3D Secure 2.0: What does it mean?

3D Secure 2.0: What does it mean?

When it comes to making a digital purchase, verifying the transaction and the identity of the consumer becomes increasingly important and challenging. Helping issuers and merchants distinguish good transactions from bad will mitigate fraud, while allowing transactions to continue to happen at lightning speed. 3-D Secure 2.0 is an important advancement in this effort that will help prevent fraud and accelerate digital commerce with fast, secure authentication. Keep reading to learn more about 3D Secure technology.


   1. What is a 3D Secure 2.0 technology?

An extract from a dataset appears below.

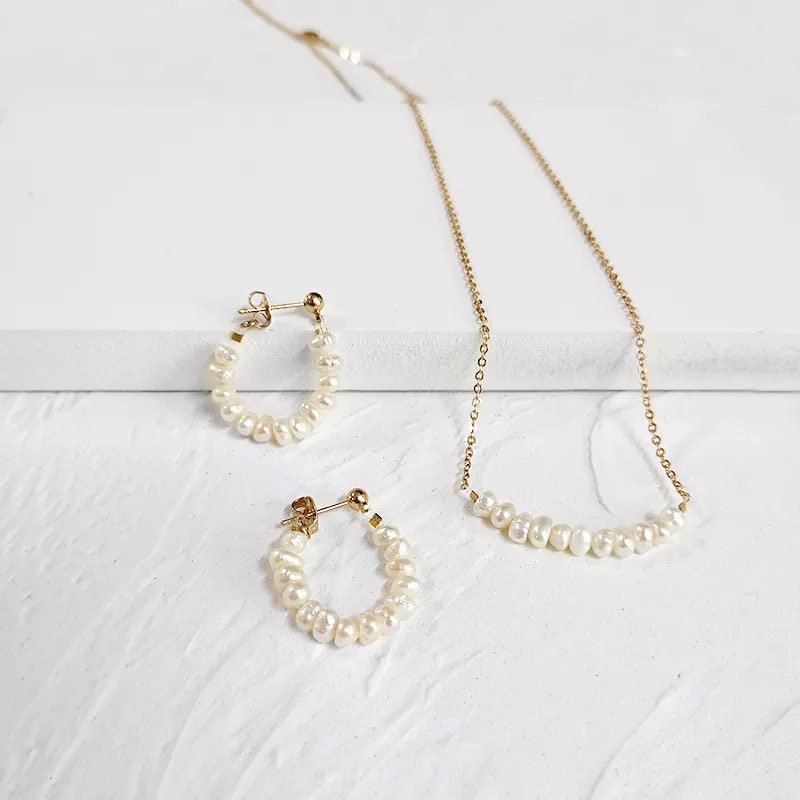 Pearl Row Necklace, Fresh Water Pearl Necklace Earrings set, Natural Pearl Hoop Earrings, Bridal Necklace, Dainty Pearl Bridesmaids Necklace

3D Secure 2.0 technology is a security protocol that adds a layer of protection to card-not-present transactions by verifying the customer’s identity. The newly upgraded 3D Secure 2.0 brings merchants more value than ever before: It supports a wider range of card-not-present, e-commerce, in-app, mobile wallet, and MOTO (mail order telephone order) payments, and uses over 150 customer- and transaction-specific data points to authenticate transactions.

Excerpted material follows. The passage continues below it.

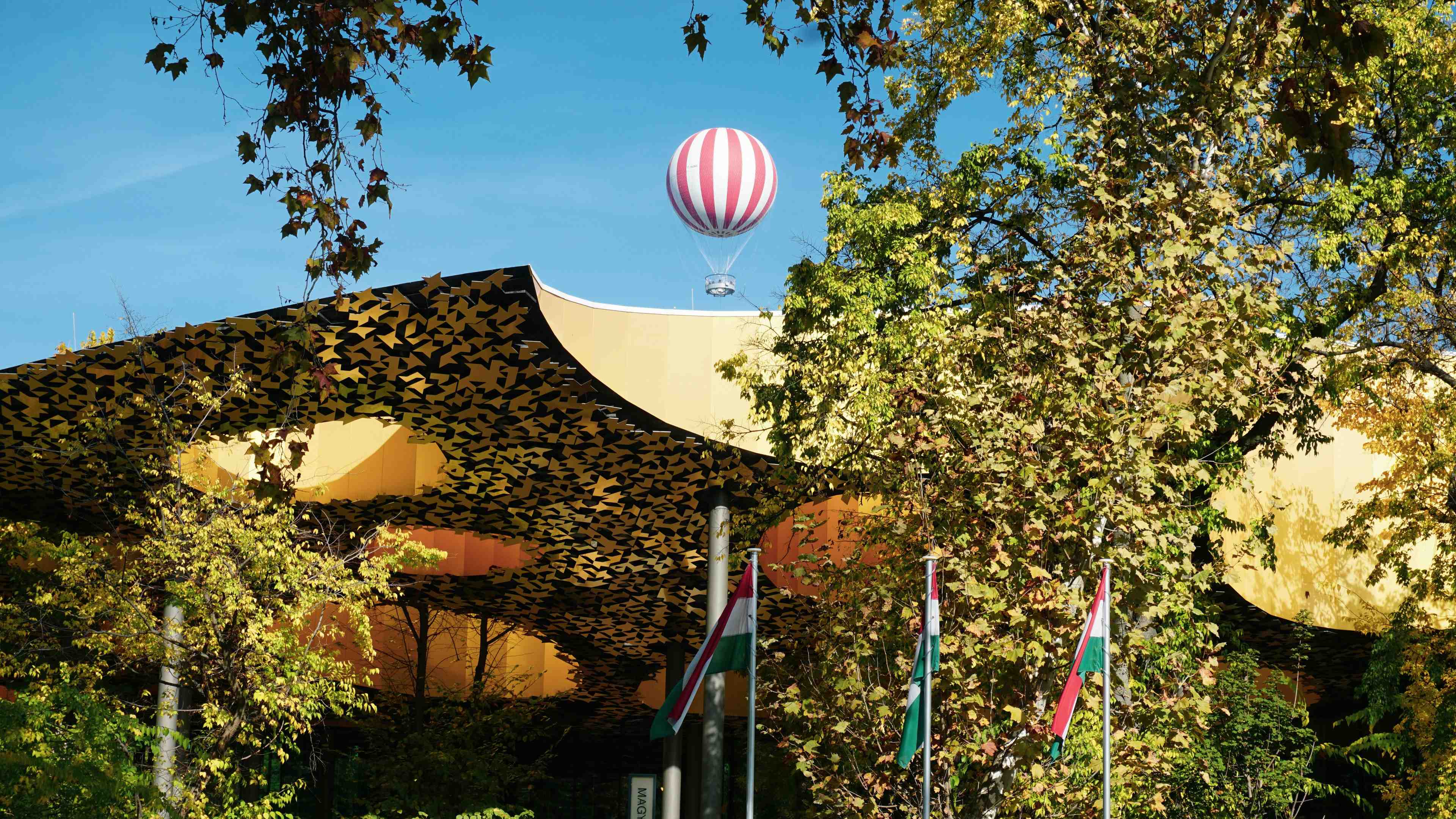 Budapest City Park with detail of the House of Music Hungary building, with City Park Air Balloon in the background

   2. How does 3D Secure 2.0 work?

As mentioned before, 3D Secure 2.0 analyses over 150 key data points, including the merchant’s contextual data, acting as an advanced layer of fraud protection. The cardholder enters their card details at checkout. At this point, the merchant’s 3D Secure service provider sends an authentication request with rich data to the issuer. This data includes a varying amount of cardholder and device information upon regional or market law restrictions, such as device ID, MAC address, geo-location, previous transactions etc.


Then, the issuer’s 3D Secure service provider assesses the transaction risk. If the transaction is determined as high-risk, the transaction goes through a challenge. In other words, it prompts the cardholder to verify their identity using biometrics, and/ or two-factor authentication, i.e., a one-time password, a fingerprint etc. If the transaction is deemed as low-risk, no further action is required on the cardholder’s end. The issuer sends the authentication result to the merchant, who in turn submits the transaction for authorisation with a flag indicating the authentication result.


   3. 3DS 1.0 vs. 3DS 2.0

Most shoppers have experienced, at least once, the limitations of the 3DS 1.0 protocol through non-browser e-commerce transactions; paying on mobile devices or in-app can sometimes be a frustrating experience and not quite user-friendly.


The 3DS 2.0 protocol – created, owned and managed by Visa, Mastercard, UnionPay, American Express, Discover and JCB – has been developed with the goal of improving the overall performance of the 3DS program and supports the payments industry in delivering a global, interoperable and consistent user experience across all e-commerce channels and connected devices. So here are the main features of 3D Secure 2.0:


  • Improved shopping experience 

With more people shopping through apps, 3D Secure 2.0 improves their shopping experience by authenticating app-based transactions quickly and seamlessly.


  • Enhanced data sharing 

It provides enhanced data sharing between the issuer and merchant banks, allowing the issuing card bank to make better risk decisions. 


  • Better authentication 

This new protocol gives the customer better authentication options in risky transactions, like using a biometric or one-time password. 


  • Single authentication 

Rather than clicking through a browser redirection process, 3D Secure 2.0 allows customers to go through a single authentication message flow. The streamlined checkout process improves the experience for customers using mobile devices.


   4. When will 3D Secure 2.0 become mandatory?

A new standard, 3D Secure 2.0 is now being promoted as a solution for SCA under PSD2. Card brands are trying to reduce fraud which is a common goal of the directive. The larger the portion of the ecosystem that they can get to adopt 3DS2 as the solution for PSD2 the better. Which is why they have issued network mandates requiring issuers to implement 3DS2. The SCA requirement came into force on 14 September 2019. However, with the approval of the European Banking Authority, several EEA countries have announced that their implementation will be temporarily delayed or phased, with a final deadline set for 31 December 2020.


   Concluding Remarks

3-D Secure has been around for years and creates an authentication data connection between digital merchants, payment networks and financial institutions to be able to analyse and share more intelligence about transactions. The new 2.0 version of the technology enables a real-time, secure, information-sharing pipeline that merchants can use to send an unprecedented number of transaction attributes that the issuer can use to authenticate customers more accurately without asking for a static password or slowing down commerce. 3D Secure 2.0 is a huge leap forward in the world of online payments. Not only does the technology offer smoother shopping experiences, but it also takes online payment security to a whole different level.